Friday, May 24, 2019

Departing the Darkest Dungeon.


I think I have put myself into an increasingly difficult position with Red Hook Studio's indie turn based Lovecraftian game, Darkest Dungeon Ancestral Edition on the Nintendo Switch.  This difficult position has lead me to the conclusion that I may have to scrap the 55 hours I put into the game because I accidentally made the game a lot more difficult than it had been.
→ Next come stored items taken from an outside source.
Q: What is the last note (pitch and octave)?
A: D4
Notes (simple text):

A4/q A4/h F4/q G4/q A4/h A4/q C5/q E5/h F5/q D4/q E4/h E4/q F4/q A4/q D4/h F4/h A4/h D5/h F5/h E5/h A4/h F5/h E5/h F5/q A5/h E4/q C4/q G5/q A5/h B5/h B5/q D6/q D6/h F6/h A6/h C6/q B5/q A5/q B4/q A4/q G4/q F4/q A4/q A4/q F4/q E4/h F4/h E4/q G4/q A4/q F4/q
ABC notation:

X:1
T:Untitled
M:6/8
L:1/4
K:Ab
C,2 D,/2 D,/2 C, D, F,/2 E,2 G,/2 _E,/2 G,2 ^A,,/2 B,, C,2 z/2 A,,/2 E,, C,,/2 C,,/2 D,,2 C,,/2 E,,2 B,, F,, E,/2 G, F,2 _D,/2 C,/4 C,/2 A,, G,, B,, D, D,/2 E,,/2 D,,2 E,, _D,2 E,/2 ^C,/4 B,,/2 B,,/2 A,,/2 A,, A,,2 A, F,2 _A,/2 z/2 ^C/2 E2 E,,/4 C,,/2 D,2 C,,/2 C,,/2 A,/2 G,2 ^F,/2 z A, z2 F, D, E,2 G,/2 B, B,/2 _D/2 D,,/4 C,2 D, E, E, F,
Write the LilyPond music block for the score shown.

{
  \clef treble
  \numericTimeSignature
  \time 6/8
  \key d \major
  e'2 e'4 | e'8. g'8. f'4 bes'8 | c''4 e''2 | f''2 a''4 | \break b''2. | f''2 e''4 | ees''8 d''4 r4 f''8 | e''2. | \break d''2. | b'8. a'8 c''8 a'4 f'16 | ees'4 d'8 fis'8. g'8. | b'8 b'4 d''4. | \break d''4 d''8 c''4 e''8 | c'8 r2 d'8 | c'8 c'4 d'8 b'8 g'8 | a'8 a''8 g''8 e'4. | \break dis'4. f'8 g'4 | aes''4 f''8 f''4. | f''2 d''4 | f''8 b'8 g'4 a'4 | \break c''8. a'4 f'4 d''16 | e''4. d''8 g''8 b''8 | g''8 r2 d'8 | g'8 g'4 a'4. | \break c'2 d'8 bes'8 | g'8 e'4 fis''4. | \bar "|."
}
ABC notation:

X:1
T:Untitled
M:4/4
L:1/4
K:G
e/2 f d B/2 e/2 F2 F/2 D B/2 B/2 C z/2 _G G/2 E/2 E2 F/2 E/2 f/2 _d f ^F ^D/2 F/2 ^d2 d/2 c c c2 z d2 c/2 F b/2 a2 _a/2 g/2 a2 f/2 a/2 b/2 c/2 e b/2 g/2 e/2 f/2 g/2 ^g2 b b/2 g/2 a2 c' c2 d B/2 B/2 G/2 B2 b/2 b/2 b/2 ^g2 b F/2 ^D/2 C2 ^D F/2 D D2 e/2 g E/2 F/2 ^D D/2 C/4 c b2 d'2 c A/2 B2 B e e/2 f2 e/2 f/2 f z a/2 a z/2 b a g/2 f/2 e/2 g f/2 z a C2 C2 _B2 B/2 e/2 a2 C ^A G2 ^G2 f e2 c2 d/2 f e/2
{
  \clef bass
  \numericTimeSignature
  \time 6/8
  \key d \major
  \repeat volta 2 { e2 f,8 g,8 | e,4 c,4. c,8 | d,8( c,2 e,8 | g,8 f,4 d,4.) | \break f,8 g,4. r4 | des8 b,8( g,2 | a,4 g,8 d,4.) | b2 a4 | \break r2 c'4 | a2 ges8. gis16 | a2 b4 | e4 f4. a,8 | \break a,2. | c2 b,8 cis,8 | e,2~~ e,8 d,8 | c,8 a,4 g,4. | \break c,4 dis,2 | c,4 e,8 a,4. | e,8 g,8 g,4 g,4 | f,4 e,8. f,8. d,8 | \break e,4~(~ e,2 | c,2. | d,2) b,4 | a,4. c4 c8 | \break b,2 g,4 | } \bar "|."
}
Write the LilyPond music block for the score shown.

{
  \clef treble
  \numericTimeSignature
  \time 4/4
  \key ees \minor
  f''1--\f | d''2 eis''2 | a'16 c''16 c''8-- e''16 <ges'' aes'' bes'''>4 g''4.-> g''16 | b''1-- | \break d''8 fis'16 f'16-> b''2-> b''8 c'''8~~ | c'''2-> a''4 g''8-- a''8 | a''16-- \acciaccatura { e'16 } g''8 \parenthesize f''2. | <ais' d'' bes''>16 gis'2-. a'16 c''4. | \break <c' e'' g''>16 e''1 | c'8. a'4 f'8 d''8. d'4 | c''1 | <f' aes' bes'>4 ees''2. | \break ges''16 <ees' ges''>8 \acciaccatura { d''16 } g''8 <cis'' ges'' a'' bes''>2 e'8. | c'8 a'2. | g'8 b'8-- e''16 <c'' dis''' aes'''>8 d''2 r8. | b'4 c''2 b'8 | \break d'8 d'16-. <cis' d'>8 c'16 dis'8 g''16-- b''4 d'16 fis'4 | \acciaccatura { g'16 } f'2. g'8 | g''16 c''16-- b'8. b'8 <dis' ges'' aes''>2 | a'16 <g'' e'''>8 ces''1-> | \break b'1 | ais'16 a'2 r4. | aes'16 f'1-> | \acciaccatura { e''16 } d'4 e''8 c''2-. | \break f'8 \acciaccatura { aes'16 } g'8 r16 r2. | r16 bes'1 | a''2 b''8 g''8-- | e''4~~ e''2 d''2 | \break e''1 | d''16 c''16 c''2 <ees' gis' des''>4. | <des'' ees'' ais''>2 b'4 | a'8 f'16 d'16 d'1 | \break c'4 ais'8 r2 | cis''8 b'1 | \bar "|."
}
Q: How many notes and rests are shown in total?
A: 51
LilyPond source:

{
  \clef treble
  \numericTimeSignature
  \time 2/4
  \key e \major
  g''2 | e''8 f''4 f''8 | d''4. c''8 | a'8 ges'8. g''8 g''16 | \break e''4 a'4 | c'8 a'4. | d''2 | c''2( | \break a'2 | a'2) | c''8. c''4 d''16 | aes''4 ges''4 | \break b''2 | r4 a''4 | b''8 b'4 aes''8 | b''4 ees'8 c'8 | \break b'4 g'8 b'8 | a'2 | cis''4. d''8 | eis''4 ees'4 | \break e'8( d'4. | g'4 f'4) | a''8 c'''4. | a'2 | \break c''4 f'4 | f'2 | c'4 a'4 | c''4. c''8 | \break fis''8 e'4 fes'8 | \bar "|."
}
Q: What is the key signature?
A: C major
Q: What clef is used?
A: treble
When I started Darkest Dungeon, I decided to play on the easiest difficulty setting, Radiant, partly because the game suggested this setting for people unfamiliar with the game and all of its madness inducing mechanics, and because I did not feel like punishing myself with a game that I had spent some money on and felt that I would actually like without beating myself over the head with tentacled madness.  I did install the Musketeer and Shieldbreaker DLC, which only adds additional classes to use, but left The Color of Madness and The Crimson Court expansions uninstalled as I wanted to at least start and enjoy what the base game had to offer.  Yes, I realize that the two DLC character packs means that I did not start with the base game as just described by me, but that was the way I wanted to play.  So there.

This encounter happened right before reaching the final room, which would
allow me to complete this particular quest.

Jump to 55 hours in, I had maxed out each of the locations to 7 (for whatever that means), although I had yet to actually attempt the mansion because I felt/wanted to kill off all of the bosses before heading in.  At this point in the game, I still had three bosses left, the Siren, the Witch, and the Prophet, and constantly attempting random dungeons in the hopes of picking up more money and gear before mansion delving started to get a little stale.  When I read the descriptions of each of the remaining DLC, I had hopes that ended up being significantly different than what they turned out to be.  For The Color of Madness, it ". . .opens the Farmstead region which has become the site of a fallen comet," and The Crimson Court has ". . .the addition of a new storyline and dungeon, new hero class, new monsters, new bosses. . ."

These little mosquitoes are quick and like to attack from the back, making
them harder to reach.
What I thought I was getting myself into was new areas to send the various mercenaries I had grown attached to (even those who had died in the service of the Descendent), and for the most part, The Color of Madness was what I was hoping for but ended up being more of a enemy rush mode that had you beat as many enemies as you could.  The Crimson Court was the estranged expansion.  Here, the dungeon was only accessible at certain times, but the enemies from that area would occasionally crop up in other dungeons.  

Curses!!
The problem with this, is that The Crimson Court also introduces a new mechanic, "The Crimson Curse" that affects characters until they are cured as well as the potential for spreading the curse to other characters.  And these enemies that help spread the curse are, or at least seem more powerful than the standard enemies that one who has played the game for 55 hours has grown to love and hate.  Oh, and there are some miniboss-type creatures from The Color of Madness DLC that also begin to populate the standard dungeons, and like the name of the DLC implies, they do a lot of stress based attacks.

So now that I am 60 hours and 105 in-game weeks in, feeling like I had given both DLCs a fair shake (and have only been able to access The Crimson Court area twice), I feel like my game is now tainted in a way that I was not expecting or wanting.  Had I finished the main campaign, I would definitely be more interested in attempting The Crimson Court, but when I am making a run to kill one of the three remaining bosses, and I am assailed by monsters that curse my party and/or draw them further into madness, it makes dungeon delving expensive on the gold carrying pouches as well as the sanity of the characters; and me too.

I would be surprised if I never revisited Darkest Dungeon as I love Wayne June, the actor who voices your ancestor and frequent commentator during the game, I love the story, I love the various mechanics involving health and sanity.  But I definitely feel that I have bitten off more than I could chew with adding two DLCs before I was ready.  I will return to the Darkest Dungeon, but I might need a few months respite at the tavern, refusing to leave for yet another week.  And I am definitely note deleting my current save file.

I will return to my ancestral home, opulent and imperial.  Even if it is a festering abomination.